Founded in 2014 and formerly known as NextEv, NIO just celebrated its third birthday last week. The company is headquartered in Shanghai but it is truly global. Product design comes from a team based in Munich, Germany, while its autonomous driving research and development staff are based in San Jose, U.S..
“The automotive industry has entered a key turning point, both in terms of technology and consumer adoption,” Zhu said when asked about why several new electric vehicle companies in China have formed in that time period, for example, Youxia Motors and Singulato.
Having worked for BMW, Lexus, and Amazon, Zhu has gained experience in how traditional carmakers operate and also how a (relatively) new internet business works. He said that NIO is a company that encompasses all of these aspects.
“I believe NIO will make a car that is not only good in terms of performance but also in software. But [sales] quantity will not be the driving force behind the [electric vehicle] industry, it’s the user experience,” Zhu said at TechCrunch Shanghai. “No matter the product hardware, nor the software, the user experience must be the focus.”
NIO VP of User Development Izzy Zhu with Technode senior writer Wang Ping
NIO’s focus on user experience includes both big and small. At its first Beijing user experience center, staff are not salespeople but rather “fellows” — that’s to say that they are your companions, not just salespeople.
At a strategic level, Zhu explained that the traditional car industry sales model is distributor centric since carmakers don’t have a direct relationship with customers. Taking a different approach, NIO has reined in most, if not all, of the functions that distributors used to perform. That ranges from sales to the long-term maintenance of vehicles.
“It’s definitely capital intensive,” Zhu said on stage when asked about the NIO business model. “But we think that it is a worthwhile investment.”
It’s okay, NIO has cash to burn. It has gone through four rounds of funding, receiving a total of $2.1 billion including a reported $1 billion investment from Tencent and others earlier this month.
However, for all the investor capital, the only tangible result so far comes from NIO’s racing arm. The company has been involved with Fédération Internationale de l’Automobile or FIA Formula E (the international championship for electric vehicles) from its inception in 2014. In the 2014-2015 season, the driver for the NextEv-branded China team — ex Formula 1 racer Nelson Piquet Jr. — finished the season as champion.

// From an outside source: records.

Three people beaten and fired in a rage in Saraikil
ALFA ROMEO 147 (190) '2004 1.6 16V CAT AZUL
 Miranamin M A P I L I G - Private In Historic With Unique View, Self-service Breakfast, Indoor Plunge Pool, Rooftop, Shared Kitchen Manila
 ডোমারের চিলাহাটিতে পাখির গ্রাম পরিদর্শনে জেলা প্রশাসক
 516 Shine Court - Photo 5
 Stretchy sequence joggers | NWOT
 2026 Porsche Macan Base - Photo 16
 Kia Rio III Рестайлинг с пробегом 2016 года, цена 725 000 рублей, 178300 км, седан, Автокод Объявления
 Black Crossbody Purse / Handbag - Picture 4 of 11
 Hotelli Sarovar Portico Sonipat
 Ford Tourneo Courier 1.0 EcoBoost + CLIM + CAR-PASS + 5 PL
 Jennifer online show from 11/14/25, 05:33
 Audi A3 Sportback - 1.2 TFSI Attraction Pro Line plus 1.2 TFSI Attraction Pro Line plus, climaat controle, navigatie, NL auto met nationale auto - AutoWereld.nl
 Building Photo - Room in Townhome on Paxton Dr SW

Racing is an exciting spectator sport but it doesn’t impact daily lives. NIO hopes it can make that jump. It will soon test the market with the launch of the ES8, its first mass-production SUV model.
The ES8 retail price is estimated to be around RMB 500,000 — a figure that was neither confirmed nor denied by Zhu on stage at TechCrunch Shanghai.
The ES8 will be targeted at the same customers of Tesla’s Model X, which currently retails in China from RMB 894,000. While the ES8 may have a price advantage, it lacks the brand and the tested performance of Tesla cars.
The EP9 on show at TechCrunch China in Shanghai this week
But for Zhu, the concern is something more basic than NIO’s well-established competitors. China is the world’s largest electric vehicle market and a potential ban on fossil fuel vehicles has been widely mooted, so there’s plenty of room for multiple players. Improving customer confidence in electric cars, however, is the NIO executive’s most pressing issue.
“The biggest obstacle for today’s consumers to [electric vehicles] is the problem of charging,” Zhu said at TechCrunch Shanghai.
“Currently, it’s very inconvenient to charge, which is determined by the state of national infrastructure. [In the future,] NIO will provide cloud computing and data to connect our charging substations, the nation’s fast charge stations, and a service team that provides a mobile charging vehicle into a complete service system,” he added.
Note: An earlier version of this article mislabeled the second image of the EP9 as the ES8.